▶ **What is needed**
Nothing but the lines from the first line of the records through the line with "Police escort the" should be output, exactly as written and free of pictures.
==== Given records ====
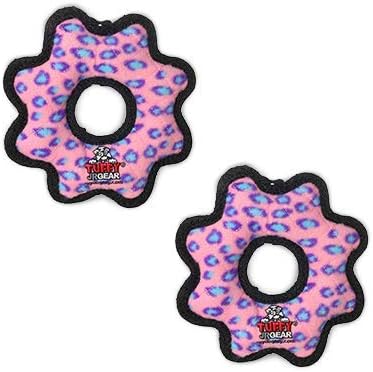 TUFFY® : 2 Pack Gear Ring Dog Toy: Ultra Durable Plush Toy with Multiple Layers & Reinforced Seams, Washable and Floats, Original Construction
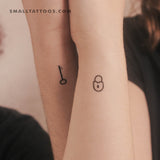 Matching Key and Lock Temporary Tattoo (Set of 3+3)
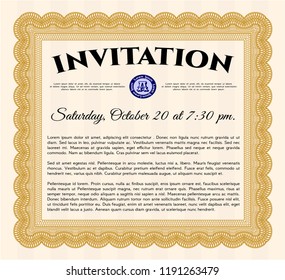 Orange Vintage invitation. With complex background. Money style design. Customizable, Easy to edit and change colors. 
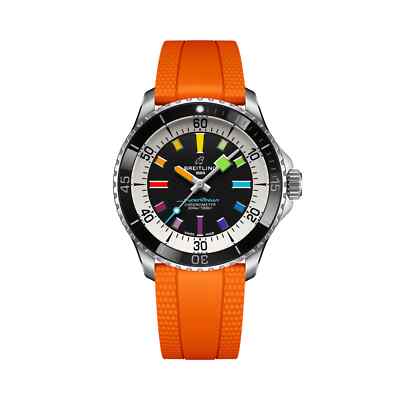 BREITLING SUPEROCEAN AUTOMATIC 42 RAINBOW DIAL RUBBER STRAP WATCH A17375211B2S3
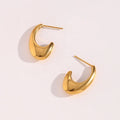 Dreamshow Minimalist Hollow J Shape 18K Gold Plated Hoop Earring Tarnish Free Stainless Steel Earrings Jewelry Women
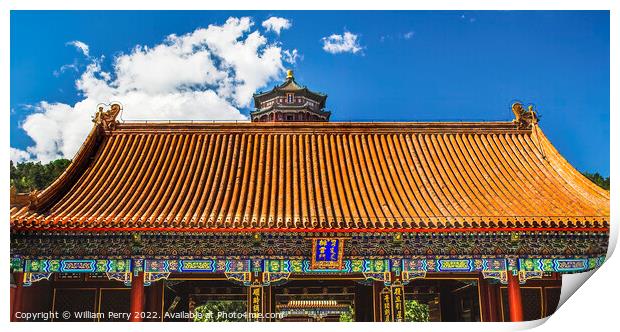 Front Gate Buddha Tower Summer Palace Beijing China Print by William Perry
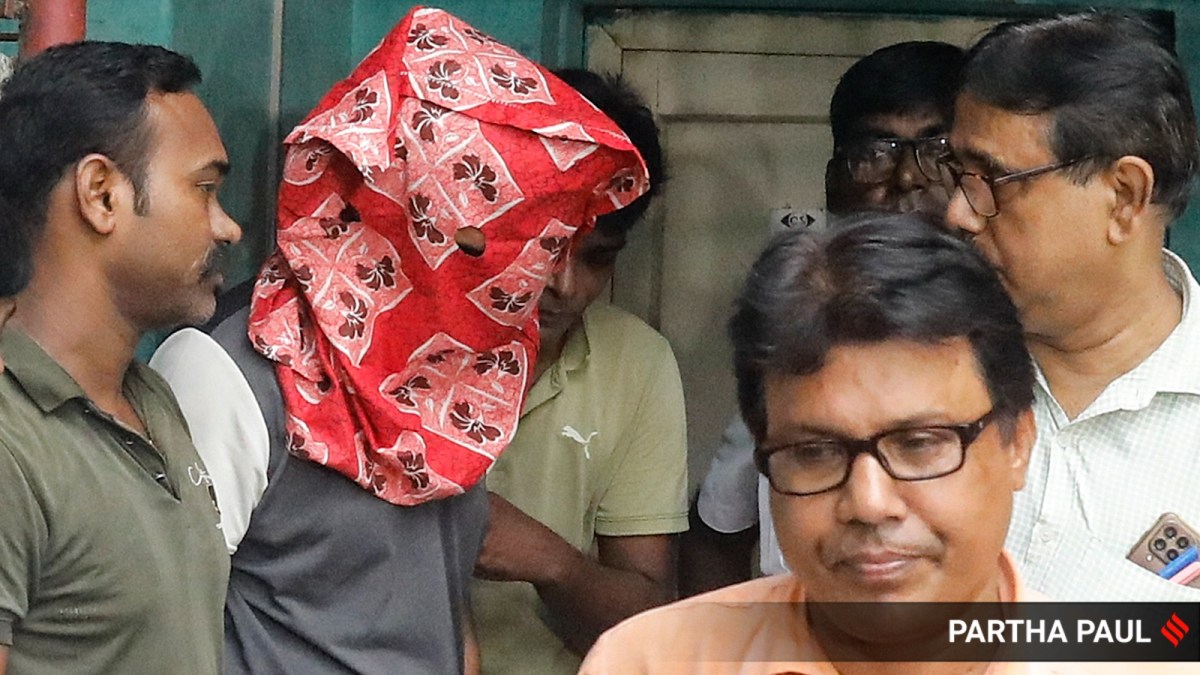 Police escort the accused in the IIM Calcutta rape case to the court on Saturday.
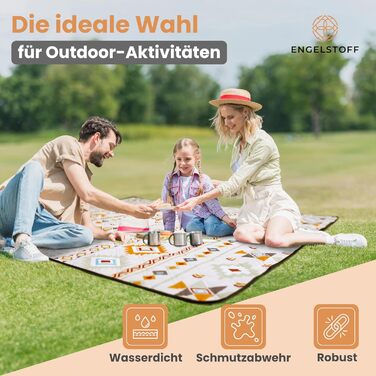 Engelstoff® Waterproof Picnic Blanket - Boho Blanket 200x200 cm - XXL Beach Blanket - Waterproof Blanket for Outdoor Use, Insulated, for Swimming Pools, Beach, Park, Travel, Hiking, Playground, Camping including e-Book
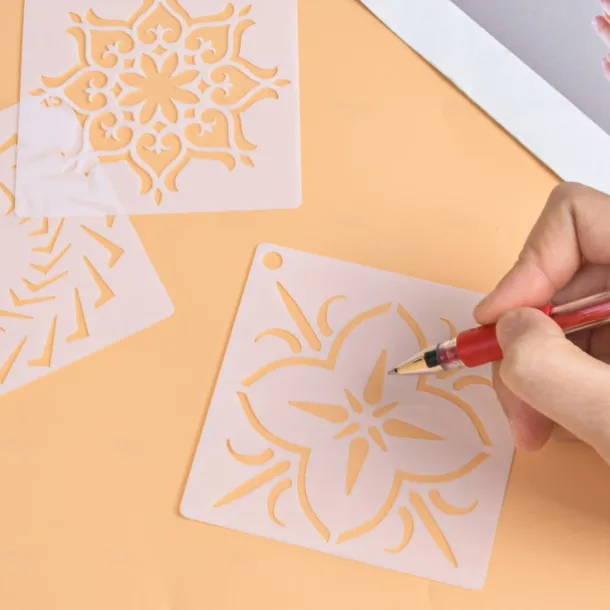 36pcs Templates Stencil Set, Reusable Craft Stencils, Mandala Stencils, Laser Cutting Painting Stencils For DIY Painting Art Scrapbook, Wood, Paper, Furniture, Door, Floor Wall, 9x9cm(3.5*3.5in)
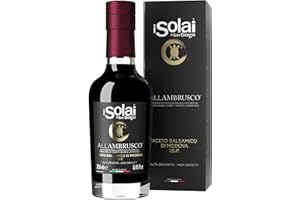 I Solai Di San Giorgio, Vinagre Balsámico de Módena I.G.P. Monovarietal Allambrusco, Elaborado con Uvas 100% Italianas, Ideal para Aliñar Carnes Rojas, Quesos Maduros, Pescado Crudo, Verduras, 250 ml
====
▶ **Solution for this exercise**
 TUFFY® : 2 Pack Gear Ring Dog Toy: Ultra Durable Plush Toy with Multiple Layers & Reinforced Seams, Washable and Floats, Original Construction
 Matching Key and Lock Temporary Tattoo (Set of 3+3)
 Orange Vintage invitation. With complex background. Money style design. Customizable, Easy to edit and change colors. 
 BREITLING SUPEROCEAN AUTOMATIC 42 RAINBOW DIAL RUBBER STRAP WATCH A17375211B2S3
 Dreamshow Minimalist Hollow J Shape 18K Gold Plated Hoop Earring Tarnish Free Stainless Steel Earrings Jewelry Women
 Front Gate Buddha Tower Summer Palace Beijing China Print by William Perry
 Police escort the accused in the IIM Calcutta rape case to the court on Saturday.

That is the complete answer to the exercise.